Arafat's strategy ruined by snub from Bibi

PLO leader turns to London for support after Israeli election, writes Patrick Cockburn

Jerusalem - His strategy is in ruins, Yasser Arafat, the Palestinian leader, flew into London last night just as the Israeli government with which he signed the Oslo peace agreements began to make way for its right- wing successor.

Israel's Prime Minister-elect Binyamin "Bibi" Netanyahu, says he would prefer not to meet Mr Arafat.

It is Mr Arafat's first visit to Britain as the elected president of the Palestinian Authority, which holds sway over the Palestinian enclaves in Gaza and the West Bank. Mr Arafat had hoped the autonomous areas would form the nucleus of a Palestinian state. But Mr Netanyahu has ruled this out.

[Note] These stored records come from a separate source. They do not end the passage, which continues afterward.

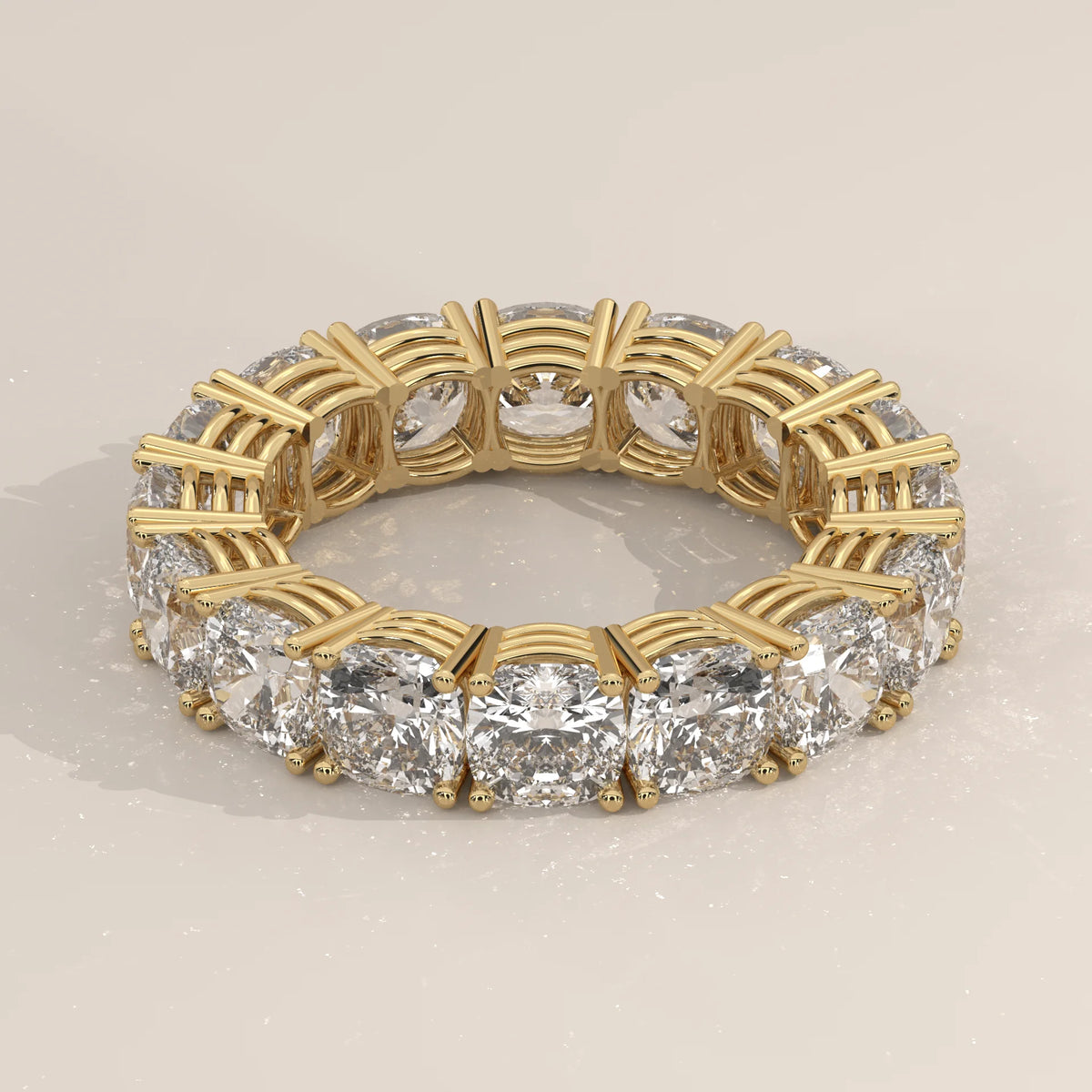 Chunky Cushion Square Diamond Eternity Ring with Bold Claws in yellow gold, shown at an angle.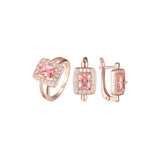 Conjunto de joias em ouro rosa com pedras esmeralda lapidadas com halo branco cz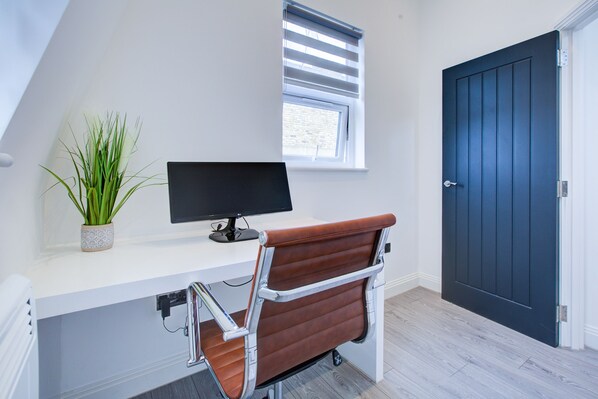 A modern office space with a white desk, a computer monitor, a brown leather chair, a potted plant, and a dark blue door.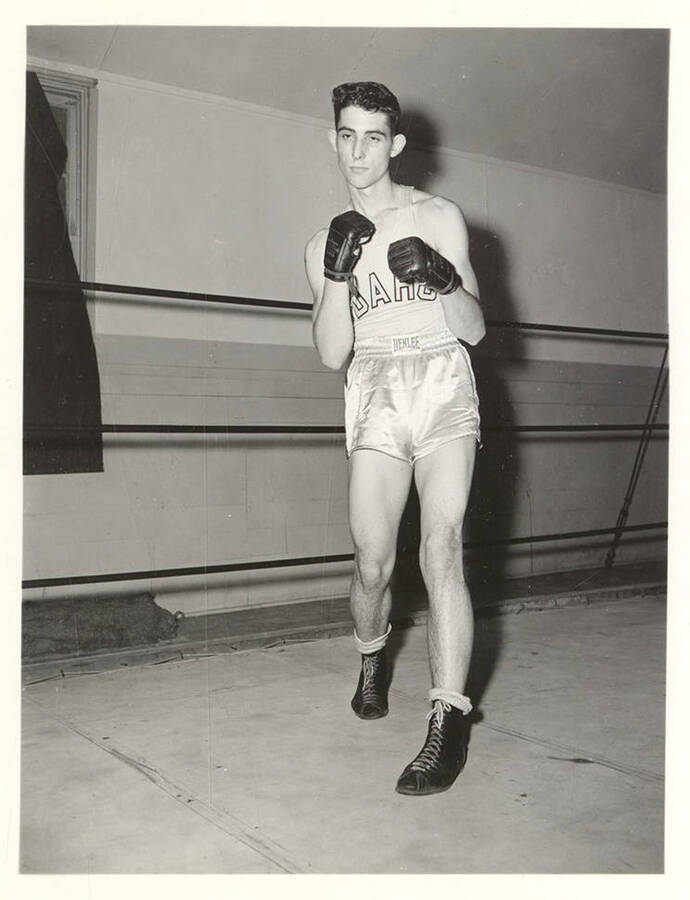 Idaho boxer John Echevarria poses in ready-position for his individual photograph.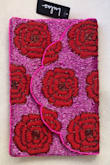 I ordered this because I liked the contrast of what I thought was light pink and red-orange; the specific color combination I was looking for. When I received the item, it was fuchsia and bright red. The clutch itself is well made, although the beading is only on the front. Overall, I was dissatisfied with how drastically different the colors were from the photo. - Olivia B.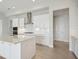 Modern kitchen featuring stainless steel appliances, white cabinets, and a spacious island for cooking and entertaining at 5194 Everlong Dr, Apollo Beach, FL 33572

Mr Arafat will meet the Prime Minister, John Major, who is expected to reiterate Britain's support for the Oslo accords. He will then go on to address the Oxford Union on "The Way Ahead: the Palestinian Perspective". During his visit he will try to increase international pressure on Mr Netanyahu to keep to agreements reached by the Labour government.

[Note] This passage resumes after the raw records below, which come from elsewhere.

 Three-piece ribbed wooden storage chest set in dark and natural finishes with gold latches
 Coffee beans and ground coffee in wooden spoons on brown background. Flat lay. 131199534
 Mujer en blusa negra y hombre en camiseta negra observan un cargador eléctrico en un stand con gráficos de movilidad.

The most immediate problem is the Israeli pledge to withdraw from Hebron, administrative capital of the southern West Bank. Under Oslo Mark II, signed last year, Israel was to pull its military forces out of 85 per cent of the city by 28 March. After 63 people had been killed by four suicide bombs, Israel postponed withdrawal until after the election. The Labour government said yesterday it would leave the decision on withdrawal to its successor.

Mr Netanyahu has said he would like to postpone a decision on the future of Hebron - which has a population of 100,000 Palestinians surrounding a small settlement of 400 militant Jews in the city centre - until the final stage of negotiations. Many supporters of Mr Netanyahu - especially the religious parties - regard Hebron, and the Tomb of the Patriarchs it contains, as a Jewish holy site which must not be relinquished.

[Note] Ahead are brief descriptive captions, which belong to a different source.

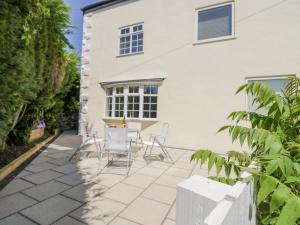 a patio with chairs and a table in front of a building at The Cottage in Barrow in Furness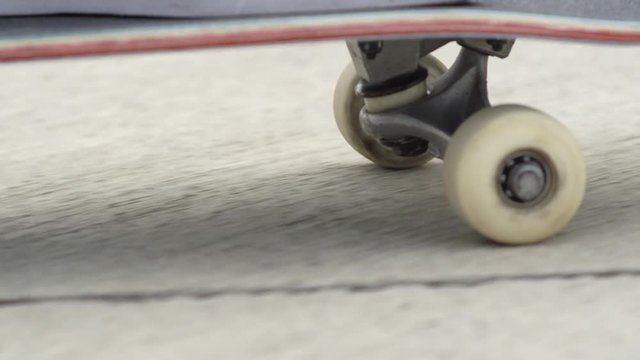 EXTREME CLOSE UP DOF: Unrecognizable skateboarder skating along the street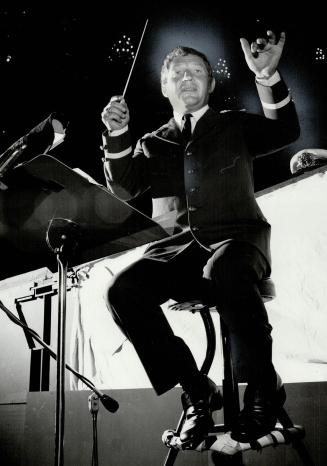 In captain's uniform, Berthold Carriere, 40, conducts the orchestra for HMS Pinafore, Music director of the Stanford Festival, he is composing music for two other productions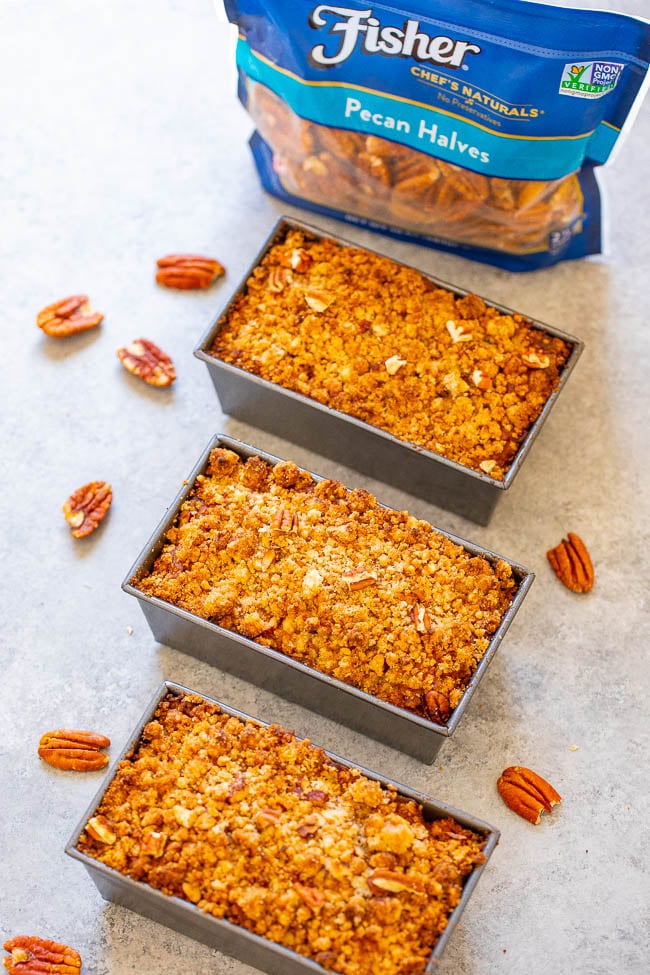 three mini pumpkin nut bread loaves next to a bag of Fisher pecans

Mr Arafat now fears the Palestinians will get nothing in the final-status talks on Jerusalem, refugees, Israeli settlements and frontiers. Mr Netanyahu said during the campaign that he was not even prepared to talk about Jerusalem.

He is likely to close Orient House, the Palestinian political centre in east Jerusalem, and has promised to expand settlements on the West Bank. At the same time he has promised that Israel will live up to its international obligations.

After a seven-hour meeting in Gaza on Friday night to discuss the elections, Mr Arafat's spokesman, Marwan Kanafani, said: "Mr Netanyahu is a politician, he is not an adventurer, and I think he will respect the agreement which has been signed between the National Authority and the State of Israel."

Meanwhile, the victorious Likud Party made its first contact ever with the Palestine Authority on Friday when Dr Dore Gold, a Netanyahu foreign-policy adviser, phoned Mahmoud Abbas, a leading PLO official.

Most menacing for Mr Arafat is Mr Netanyahu's position that he will allow the Israeli army to exercise the right of hot pursuit into autonomous Palestinian enclaves.

During the campaign he accused the Prime Minister, Shimon Peres, of letting Mr Arafat, in effect, control Israeli security. If there is another suicide bomb causing casualties, it will be difficult for Mr Netanyahu to change his position.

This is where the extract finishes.